Butler taught creative writing from 1985 to 2000 at McNeese State University in Lake Charles, Louisiana, with his colleague John Wood, to whom he dedicated A Good Scent from a Strange Mountain. He then joined the faculty of Florida State University as a Francis Eppes Distinguished Professor, holding the Michael Shaara Chair in Creative Writing, where he currently teaches.

Awards and honors

Butler is a recipient of a Guggenheim Fellowship in fiction and a National Endowment for the Arts grant, and was a finalist for the PEN/Faulkner Award. In 2001 he won a National Magazine Award for "Fair Warning," a short story that was published in the journal Zoetrope: All-Story, and, four years later, he won another National Magazine Award for "The One in White," a short story published in The Atlantic Monthly.

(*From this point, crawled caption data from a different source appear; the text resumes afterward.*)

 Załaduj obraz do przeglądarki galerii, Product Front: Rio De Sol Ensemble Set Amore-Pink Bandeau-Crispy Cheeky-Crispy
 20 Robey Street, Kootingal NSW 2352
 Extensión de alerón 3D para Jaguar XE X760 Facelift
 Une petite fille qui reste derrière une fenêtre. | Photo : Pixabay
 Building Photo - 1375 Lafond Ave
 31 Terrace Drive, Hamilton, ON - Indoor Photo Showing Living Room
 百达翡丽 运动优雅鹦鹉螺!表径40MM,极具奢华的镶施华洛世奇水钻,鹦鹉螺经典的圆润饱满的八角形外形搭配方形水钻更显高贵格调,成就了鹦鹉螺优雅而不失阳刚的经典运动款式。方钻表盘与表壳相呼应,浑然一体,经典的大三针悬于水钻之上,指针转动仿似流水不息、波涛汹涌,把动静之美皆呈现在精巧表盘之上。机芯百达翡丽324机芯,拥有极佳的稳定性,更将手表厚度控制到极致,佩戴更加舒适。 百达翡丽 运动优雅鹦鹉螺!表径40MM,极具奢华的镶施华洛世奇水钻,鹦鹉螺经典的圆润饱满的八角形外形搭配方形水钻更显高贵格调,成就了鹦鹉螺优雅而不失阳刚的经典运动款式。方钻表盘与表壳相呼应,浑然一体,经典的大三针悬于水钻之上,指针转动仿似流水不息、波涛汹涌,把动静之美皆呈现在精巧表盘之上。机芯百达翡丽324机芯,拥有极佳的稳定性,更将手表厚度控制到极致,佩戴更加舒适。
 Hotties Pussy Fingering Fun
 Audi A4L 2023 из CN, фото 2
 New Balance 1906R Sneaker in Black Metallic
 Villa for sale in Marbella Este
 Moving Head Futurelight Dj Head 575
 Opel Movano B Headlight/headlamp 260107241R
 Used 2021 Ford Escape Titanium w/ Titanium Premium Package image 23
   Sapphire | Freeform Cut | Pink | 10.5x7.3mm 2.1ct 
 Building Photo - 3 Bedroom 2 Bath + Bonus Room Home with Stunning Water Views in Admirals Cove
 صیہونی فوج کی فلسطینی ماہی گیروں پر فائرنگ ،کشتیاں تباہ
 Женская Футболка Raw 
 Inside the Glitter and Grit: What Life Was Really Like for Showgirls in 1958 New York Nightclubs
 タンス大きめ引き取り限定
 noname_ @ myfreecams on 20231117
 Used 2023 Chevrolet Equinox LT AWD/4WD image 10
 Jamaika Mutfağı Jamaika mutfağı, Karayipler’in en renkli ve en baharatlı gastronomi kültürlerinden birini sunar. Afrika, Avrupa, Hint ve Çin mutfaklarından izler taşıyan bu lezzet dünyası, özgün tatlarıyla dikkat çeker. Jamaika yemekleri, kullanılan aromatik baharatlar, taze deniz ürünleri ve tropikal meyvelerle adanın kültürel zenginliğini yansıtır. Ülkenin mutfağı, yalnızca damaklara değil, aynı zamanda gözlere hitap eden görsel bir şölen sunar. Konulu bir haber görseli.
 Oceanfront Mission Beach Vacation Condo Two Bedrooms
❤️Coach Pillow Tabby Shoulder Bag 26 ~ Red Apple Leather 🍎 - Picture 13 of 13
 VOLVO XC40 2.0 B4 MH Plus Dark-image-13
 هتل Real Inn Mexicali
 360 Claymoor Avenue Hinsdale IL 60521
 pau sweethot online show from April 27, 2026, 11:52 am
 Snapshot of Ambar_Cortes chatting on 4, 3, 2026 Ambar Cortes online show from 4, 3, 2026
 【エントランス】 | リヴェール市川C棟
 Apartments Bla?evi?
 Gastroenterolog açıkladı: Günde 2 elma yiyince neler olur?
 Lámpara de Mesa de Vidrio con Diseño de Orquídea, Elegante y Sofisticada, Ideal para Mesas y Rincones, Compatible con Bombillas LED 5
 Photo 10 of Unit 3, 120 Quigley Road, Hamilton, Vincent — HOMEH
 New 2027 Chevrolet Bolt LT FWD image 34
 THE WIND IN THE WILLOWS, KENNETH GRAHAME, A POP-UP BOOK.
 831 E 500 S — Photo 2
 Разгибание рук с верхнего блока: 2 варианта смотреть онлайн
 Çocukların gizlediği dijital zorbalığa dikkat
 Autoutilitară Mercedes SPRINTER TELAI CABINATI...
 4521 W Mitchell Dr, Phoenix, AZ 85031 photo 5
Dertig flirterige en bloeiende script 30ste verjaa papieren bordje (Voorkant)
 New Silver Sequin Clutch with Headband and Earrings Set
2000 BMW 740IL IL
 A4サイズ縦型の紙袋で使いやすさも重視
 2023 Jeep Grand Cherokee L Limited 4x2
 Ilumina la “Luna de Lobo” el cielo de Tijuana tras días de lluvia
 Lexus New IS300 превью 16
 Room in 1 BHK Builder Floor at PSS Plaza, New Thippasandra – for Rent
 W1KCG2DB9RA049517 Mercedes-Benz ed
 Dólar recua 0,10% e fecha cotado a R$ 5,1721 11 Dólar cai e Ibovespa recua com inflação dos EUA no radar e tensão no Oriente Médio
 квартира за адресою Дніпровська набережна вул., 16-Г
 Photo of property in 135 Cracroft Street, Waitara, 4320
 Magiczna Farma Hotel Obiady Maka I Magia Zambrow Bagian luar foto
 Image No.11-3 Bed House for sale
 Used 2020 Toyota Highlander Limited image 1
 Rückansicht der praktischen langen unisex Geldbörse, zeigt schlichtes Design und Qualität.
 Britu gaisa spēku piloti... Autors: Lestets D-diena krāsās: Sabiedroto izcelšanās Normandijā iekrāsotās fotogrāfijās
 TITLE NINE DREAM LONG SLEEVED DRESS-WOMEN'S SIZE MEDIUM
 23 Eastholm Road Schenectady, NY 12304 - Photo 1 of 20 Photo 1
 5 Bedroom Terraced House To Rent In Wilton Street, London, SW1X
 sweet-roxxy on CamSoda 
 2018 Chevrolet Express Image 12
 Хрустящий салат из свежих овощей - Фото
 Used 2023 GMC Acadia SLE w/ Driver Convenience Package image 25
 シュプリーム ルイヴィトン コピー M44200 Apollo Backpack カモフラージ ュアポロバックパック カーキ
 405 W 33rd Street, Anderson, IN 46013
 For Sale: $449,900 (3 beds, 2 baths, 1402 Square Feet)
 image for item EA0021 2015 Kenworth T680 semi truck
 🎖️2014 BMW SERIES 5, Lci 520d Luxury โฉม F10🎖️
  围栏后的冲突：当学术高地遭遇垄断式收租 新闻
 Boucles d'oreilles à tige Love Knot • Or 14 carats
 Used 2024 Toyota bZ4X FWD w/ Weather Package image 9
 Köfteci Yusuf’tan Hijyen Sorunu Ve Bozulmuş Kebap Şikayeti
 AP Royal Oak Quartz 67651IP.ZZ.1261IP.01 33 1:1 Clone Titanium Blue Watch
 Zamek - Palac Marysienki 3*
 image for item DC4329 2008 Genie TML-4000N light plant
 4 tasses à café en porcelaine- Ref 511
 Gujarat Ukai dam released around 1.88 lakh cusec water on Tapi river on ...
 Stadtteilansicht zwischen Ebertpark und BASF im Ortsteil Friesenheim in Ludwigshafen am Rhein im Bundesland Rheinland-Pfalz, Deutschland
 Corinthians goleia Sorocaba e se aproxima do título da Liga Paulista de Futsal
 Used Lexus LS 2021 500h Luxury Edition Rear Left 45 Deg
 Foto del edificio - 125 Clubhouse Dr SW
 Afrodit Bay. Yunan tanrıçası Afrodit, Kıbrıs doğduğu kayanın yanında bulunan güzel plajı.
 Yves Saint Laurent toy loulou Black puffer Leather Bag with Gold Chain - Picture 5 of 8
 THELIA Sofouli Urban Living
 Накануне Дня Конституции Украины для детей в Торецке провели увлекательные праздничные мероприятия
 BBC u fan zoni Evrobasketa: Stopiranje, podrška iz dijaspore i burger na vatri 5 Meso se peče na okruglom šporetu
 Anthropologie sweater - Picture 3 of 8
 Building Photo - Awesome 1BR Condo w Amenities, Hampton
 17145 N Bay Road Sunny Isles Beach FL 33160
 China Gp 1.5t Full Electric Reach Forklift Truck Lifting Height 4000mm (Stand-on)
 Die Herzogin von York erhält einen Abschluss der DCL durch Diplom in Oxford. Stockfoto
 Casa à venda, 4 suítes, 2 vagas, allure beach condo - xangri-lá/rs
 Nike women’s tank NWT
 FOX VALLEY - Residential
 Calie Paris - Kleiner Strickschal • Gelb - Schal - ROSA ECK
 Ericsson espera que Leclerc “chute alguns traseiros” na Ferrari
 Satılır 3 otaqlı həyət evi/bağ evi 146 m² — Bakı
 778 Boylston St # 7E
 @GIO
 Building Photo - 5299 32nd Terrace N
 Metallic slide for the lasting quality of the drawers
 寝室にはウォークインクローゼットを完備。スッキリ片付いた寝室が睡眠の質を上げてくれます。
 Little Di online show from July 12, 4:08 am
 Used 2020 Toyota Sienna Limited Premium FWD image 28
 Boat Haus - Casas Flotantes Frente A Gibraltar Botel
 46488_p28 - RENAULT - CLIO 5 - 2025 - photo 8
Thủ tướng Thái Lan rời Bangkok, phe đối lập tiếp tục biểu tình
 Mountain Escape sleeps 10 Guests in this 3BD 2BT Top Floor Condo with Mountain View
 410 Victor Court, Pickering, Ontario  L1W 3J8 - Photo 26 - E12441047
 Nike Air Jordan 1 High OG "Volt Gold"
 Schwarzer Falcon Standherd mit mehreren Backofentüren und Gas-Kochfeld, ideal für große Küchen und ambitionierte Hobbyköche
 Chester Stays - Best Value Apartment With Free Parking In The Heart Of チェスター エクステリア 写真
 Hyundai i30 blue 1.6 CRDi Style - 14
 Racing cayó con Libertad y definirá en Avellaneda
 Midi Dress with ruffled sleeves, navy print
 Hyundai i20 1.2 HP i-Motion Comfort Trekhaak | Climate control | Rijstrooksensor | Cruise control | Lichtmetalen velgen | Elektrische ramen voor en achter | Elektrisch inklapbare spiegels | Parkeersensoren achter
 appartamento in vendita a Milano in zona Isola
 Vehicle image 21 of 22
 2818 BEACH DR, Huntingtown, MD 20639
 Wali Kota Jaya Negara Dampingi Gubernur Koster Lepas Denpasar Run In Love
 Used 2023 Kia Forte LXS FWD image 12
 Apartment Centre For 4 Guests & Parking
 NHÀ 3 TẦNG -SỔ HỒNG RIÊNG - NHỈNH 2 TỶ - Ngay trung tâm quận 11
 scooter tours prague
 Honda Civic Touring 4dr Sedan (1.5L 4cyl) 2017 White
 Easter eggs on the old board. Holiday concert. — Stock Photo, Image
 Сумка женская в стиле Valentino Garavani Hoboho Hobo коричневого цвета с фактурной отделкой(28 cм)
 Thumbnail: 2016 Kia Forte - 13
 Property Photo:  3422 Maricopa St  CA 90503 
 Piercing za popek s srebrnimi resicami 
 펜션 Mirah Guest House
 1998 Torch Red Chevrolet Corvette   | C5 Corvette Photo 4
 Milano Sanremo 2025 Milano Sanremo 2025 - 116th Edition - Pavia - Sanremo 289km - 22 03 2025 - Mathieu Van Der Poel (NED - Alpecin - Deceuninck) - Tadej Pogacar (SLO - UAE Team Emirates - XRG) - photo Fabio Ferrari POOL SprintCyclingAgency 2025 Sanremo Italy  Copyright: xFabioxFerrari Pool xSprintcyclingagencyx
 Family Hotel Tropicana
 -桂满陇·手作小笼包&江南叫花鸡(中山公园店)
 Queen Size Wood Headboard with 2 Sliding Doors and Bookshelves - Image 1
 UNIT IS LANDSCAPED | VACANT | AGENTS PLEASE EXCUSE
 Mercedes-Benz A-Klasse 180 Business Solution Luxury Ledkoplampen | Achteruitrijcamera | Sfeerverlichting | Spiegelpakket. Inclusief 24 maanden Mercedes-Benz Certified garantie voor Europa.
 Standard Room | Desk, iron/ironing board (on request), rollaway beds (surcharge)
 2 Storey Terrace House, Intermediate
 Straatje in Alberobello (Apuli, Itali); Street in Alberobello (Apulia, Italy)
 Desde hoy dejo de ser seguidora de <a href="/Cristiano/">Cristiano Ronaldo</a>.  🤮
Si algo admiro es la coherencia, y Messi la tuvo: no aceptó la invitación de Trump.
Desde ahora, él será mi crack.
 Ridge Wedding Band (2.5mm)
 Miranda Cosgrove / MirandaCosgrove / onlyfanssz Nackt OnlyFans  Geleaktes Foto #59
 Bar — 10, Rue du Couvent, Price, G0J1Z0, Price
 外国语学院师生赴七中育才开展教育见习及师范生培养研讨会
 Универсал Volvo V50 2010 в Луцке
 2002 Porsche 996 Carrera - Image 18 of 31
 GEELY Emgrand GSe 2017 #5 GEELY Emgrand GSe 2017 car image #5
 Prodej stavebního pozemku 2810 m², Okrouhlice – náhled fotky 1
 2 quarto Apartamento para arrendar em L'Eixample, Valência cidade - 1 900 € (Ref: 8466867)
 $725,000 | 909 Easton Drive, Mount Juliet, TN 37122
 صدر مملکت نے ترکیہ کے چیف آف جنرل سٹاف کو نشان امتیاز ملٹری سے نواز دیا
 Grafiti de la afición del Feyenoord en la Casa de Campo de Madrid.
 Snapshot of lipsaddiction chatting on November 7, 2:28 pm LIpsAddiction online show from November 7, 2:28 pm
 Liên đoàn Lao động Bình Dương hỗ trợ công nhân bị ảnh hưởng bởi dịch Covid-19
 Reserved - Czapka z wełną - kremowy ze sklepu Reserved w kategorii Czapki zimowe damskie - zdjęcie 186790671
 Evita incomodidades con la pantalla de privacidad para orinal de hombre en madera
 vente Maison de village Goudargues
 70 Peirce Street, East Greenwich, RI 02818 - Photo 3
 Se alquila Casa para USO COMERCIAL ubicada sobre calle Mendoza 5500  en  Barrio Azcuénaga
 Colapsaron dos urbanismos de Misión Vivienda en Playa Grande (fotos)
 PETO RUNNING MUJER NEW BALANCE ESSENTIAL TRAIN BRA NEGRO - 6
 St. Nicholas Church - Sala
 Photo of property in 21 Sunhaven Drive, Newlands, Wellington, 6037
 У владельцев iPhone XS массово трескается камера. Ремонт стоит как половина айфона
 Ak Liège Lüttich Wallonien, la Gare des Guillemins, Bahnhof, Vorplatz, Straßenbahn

In 1993, his first story collection, A Good Scent from a Strange Mountain, won the Pulitzer Prize for fiction. The New York Times praised the book's "startling, dreamlike"
stories about the lives of Vietnamese immigrants living in Louisiana, and said it was "remarkable not for its flaws, but for how beautifully it achieves its daring project of making the Vietnamese real."
The Pulitzer committee said that the stories "raise the literature of the Vietnam conflict to an original and highly personal new level."
Butler also judged the annual Robert Olen Butler Prize, a short-fiction award founded and sponsored by Del Sol Press, with the most recent prize being awarded in 2010.
He also judges The Southeast Review's short-short story contest.
On August 10, 1968, Butler married Carol Supplee. They divorced in January 1972.
On July 1, 1972, Butler married poet Marylin Geller.
On July 21, 1987, Butler married Maureen Donlan. They divorced in March 1995.
On April 23, 1995, at Tavern on the Green restaurant in New York City, Butler married the novelist and playwright Elizabeth Dewberry. The couple ended their marriage in July 2007, according to e-mail Butler sent to his graduate students and fellow professors at Florida State University regarding Dewberry's decision to leave him for communications mogul Ted Turner. A controversy arose over the highly personal revelations contained within Butler's e-mail, which was leaked by one of its recipients and subsequently reported on by major international media outlets, such as The Washington Post, The New York Times, and National Public Radio.
On November 22, 2011, Butler married Kelly Lee Daniels, now known professionally as Kelly Lee Butler. They divorced in April 2020.